Ultimately, Polimeni believes that the marketing organizations that will have an impact and continue to thrive in pharma are the ones that understand that the fundamentals of marketing remain the same.
“There are going to be tools and trends that you can use — and they have to be accelerators — but at the core of everything that we do is we’re making medicine for people, and that needs to stay at the center,” she emphasizes.
CMOs will also be tasked with aggressive growth demands in 2026 and beyond, with Williams citing Haleon’s new Win as One strategy, a plan that includes a goal to reach one billion more consumers by 2030 — which would double its current scope — as an example.
Certain key marketing behaviors will help reach that goal, she says, such as putting the consumer first, and connecting paid, owned and earned media together. Those practices often revolve around the question: “How can we go faster?”
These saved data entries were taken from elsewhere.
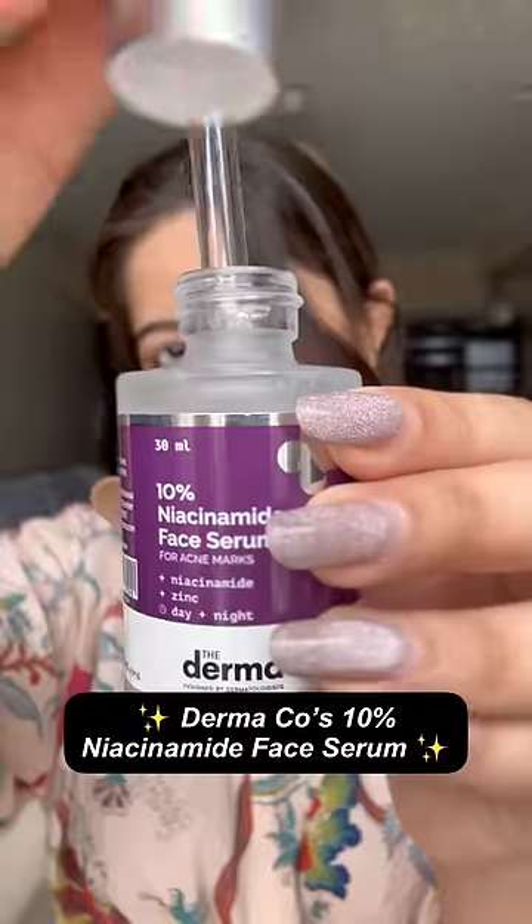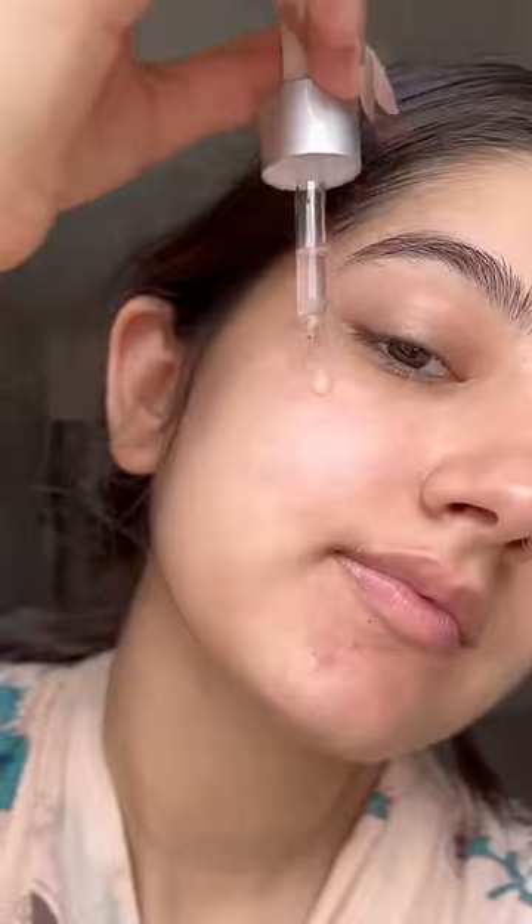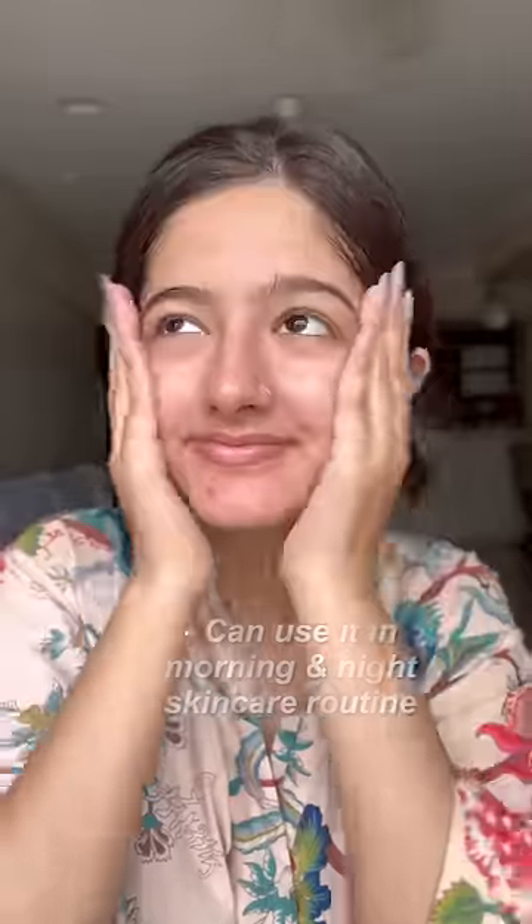Try your hands on Dermaco's 10% niacinamide serum. This serum helps in clearing acne marks and giving the spotless, filter-free skin you've always wanted. You can use it in your AM and PM skincare routine.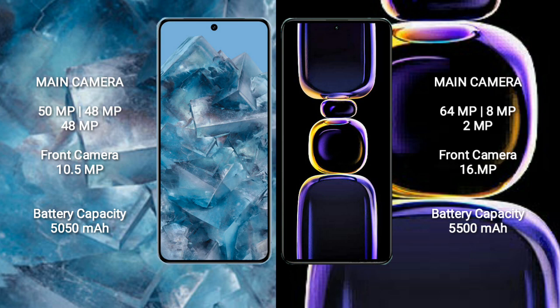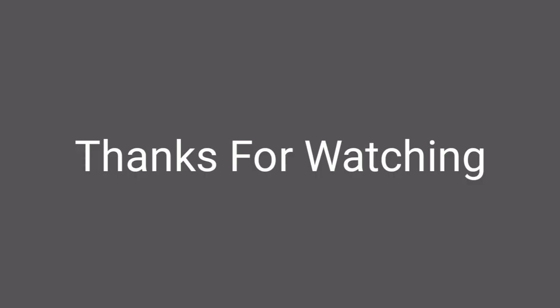Google Pixel 8 Pro has a 5050mAh battery with 30W fast charging support. Redmi K60 has a 5050mAh battery with 67W fast charging support.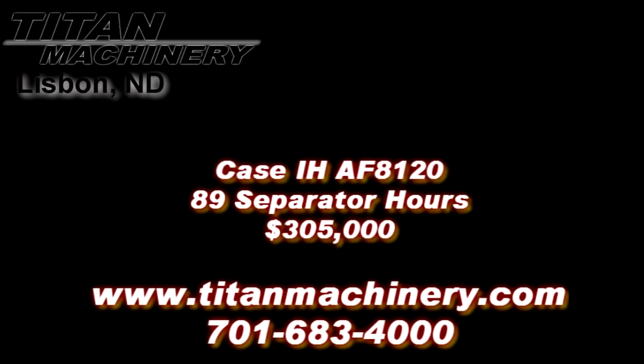If you are interested in this piece of equipment, or another piece of equipment, contact our sales department at 701-683-4000 or visit us online at tightmachinery.com.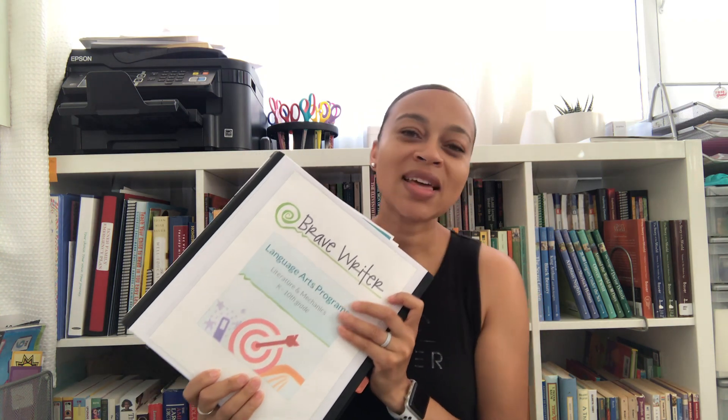For language arts and literature, my daughter will be using Brave Writer's language arts programs. She has gone through some of the Arrow guides and we absolutely love them as a family. This year she'll be doing the Pouch of Boomerangs because I think it's most appropriate for her at this age. She's absolutely able to do the Boomerang books, but I want to save that set for eighth grade and then let her move up to that more advanced level.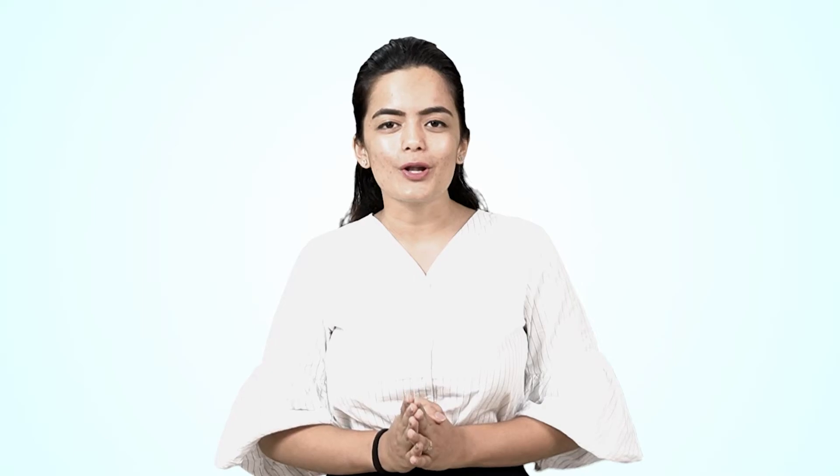In case you have any doubts or questions related to this, drop a comment and I will be happy to answer. We will be back with more videos, and till next time, keep doing amazing things. Thank you.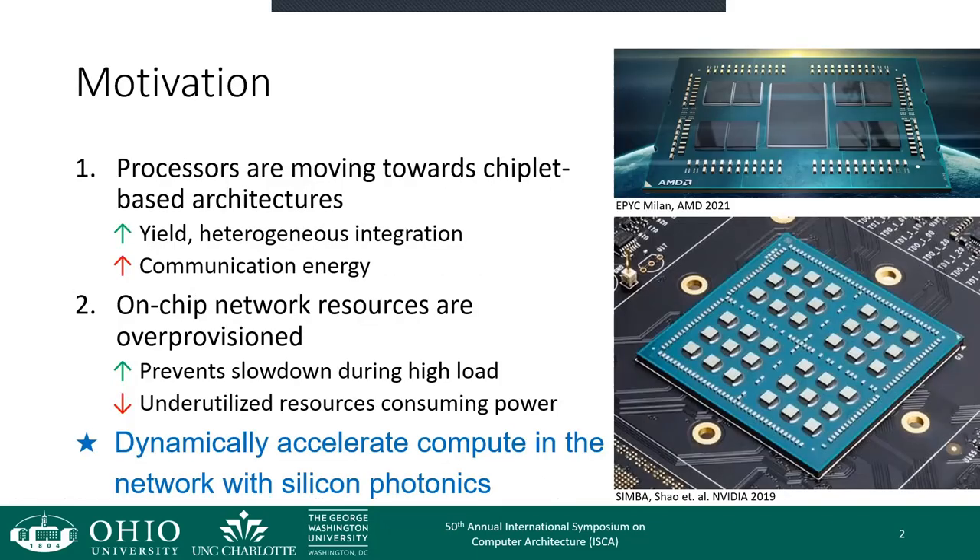I want to touch on a couple of the factors that motivate this research. First, we are seeing processor architectures move towards chiplet-based designs. This is great from a yield and cost perspective, but this also allows for heterogeneous integration of different technologies and larger processor systems, both of which would not be feasible to integrate monolithically. However, this can lead to an increase in communication energy, as signals now have to propagate further distances, possibly through another substrate.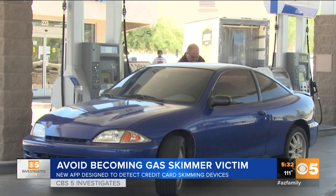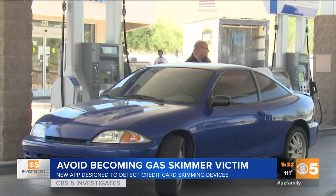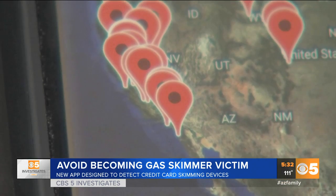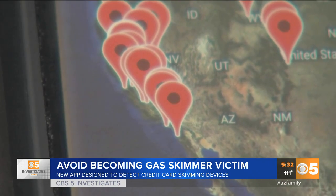Both apps simply require users to pull up to a gas pump and turn on the app. If no questionable devices are found, the app will let you know. The app will also tell you where skimming devices have been found.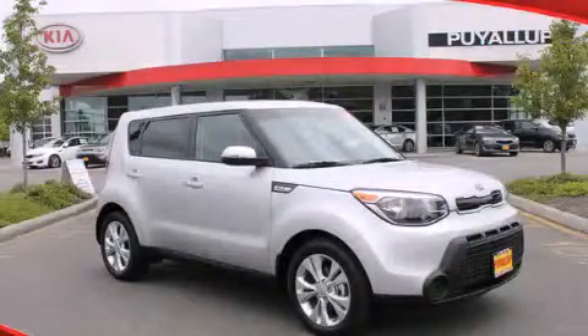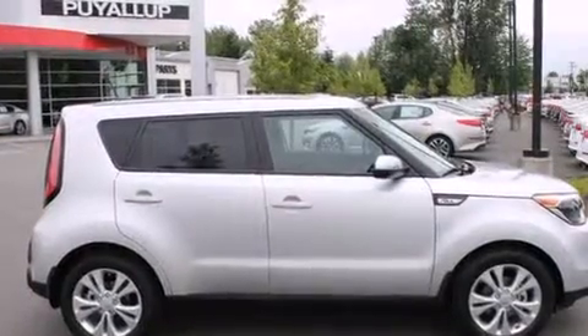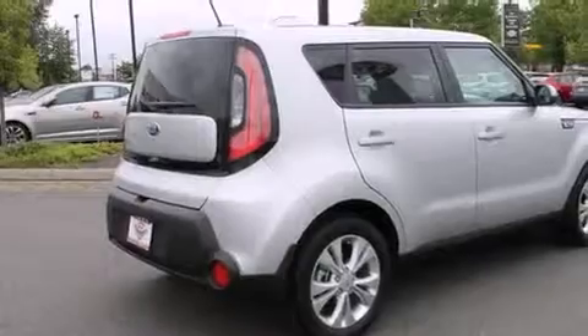This is a brand new 2014 Kia Soul. Personality on wheels. It has a 2.0 liter 4-cylinder engine and a 6-speed automatic transmission.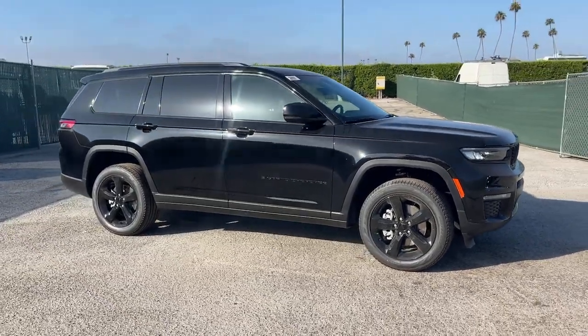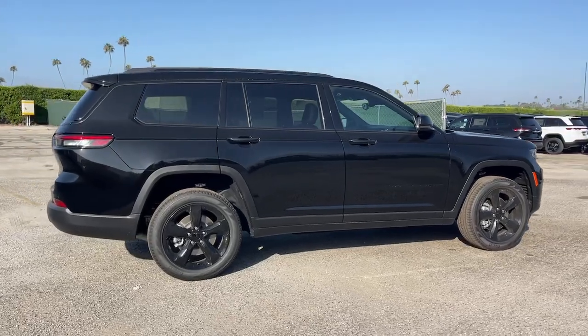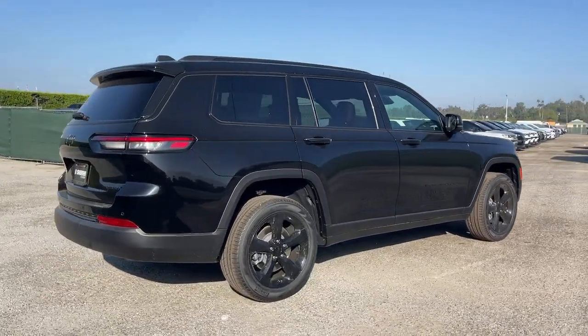See for yourself when you take it out for a test drive. Our professional staff looks forward to giving you excellent service. The following are some of this vehicle's highlighted options.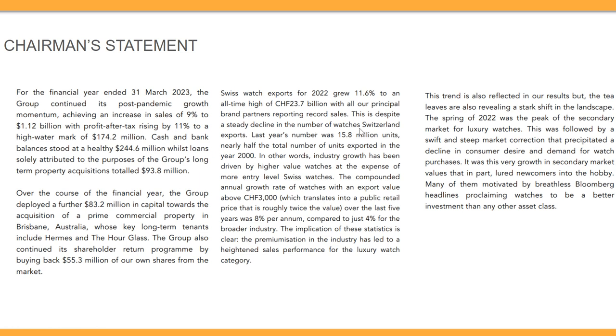Swiss watch exports grew despite a steady decline in the number of watches Switzerland exports, suggesting supply is dropping while demand remains very high. Industry growth has been driven by higher-value watches rather than entry-level ones, meaning people are buying expensive items — probably because they couldn't go on holidays during the lockdown period. The premiumization of the industry has led to heightened sales performance for the luxury watch category.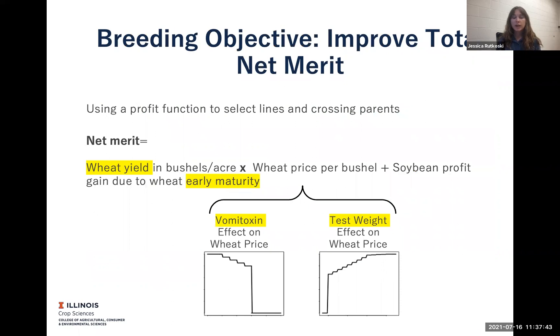The other big change that I implemented was to really well define the breeding objective and to make it very consistent and really targeted towards profitability. To do that, I use a profit function to select lines and crossing parents, and I take the major traits that affect profitability and combine them in such a way that I have an estimate of the profit potential of every line.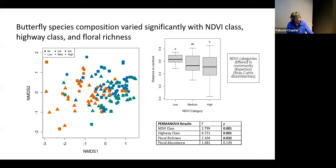Butterfly species composition depended on some of these other things. Where we had lots of flowering plants with variety, we showed a lot more butterfly species and higher numbers. Low NDVI or low-greenness areas had more variation in butterfly species. But really, if there were a lot of flowering plants — whether native or non-native — the butterflies were there.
“How can we use these new technology enablers like AI to help us understand the consumer better, get more efficient with how we develop content or partner with our agencies to bring creative to life and provide more productivity throughout the organization?” Williams says.
While remaining fastidiously curious to unlock that growth remains a pillar of the future, Williams believes it needs to be balanced out with “EQ,” or emotional intelligence. That balance is needed to support an organization that can often become “overwhelmed and overworked” because of all the constant change.
In a future where growth demands dominate in marketing, she hopes to see this “emotional intelligence” extended to consumers more as well.
“One of our biggest challenges right now is helping consumers manage their concerns around their wallets and affordability, especially in areas where it’s so important to their lives, like healthcare,” Williams notes. “We’re working on being mindful of how we can support them in their self-care and in a way that’s affordable.”
If Taylor were to boil down the main piece of advice for future CMOs, she puts it simply: “You’ve got to love to embrace change.”
“It has to get you up in the morning,” she says. “I stay energized by this future state — what it will mean for us, our patients and our organization. Anyone who aspires to a level of leadership, your gaze is to the future, but you can’t lose sight of where people are today and making sure that we can get there.”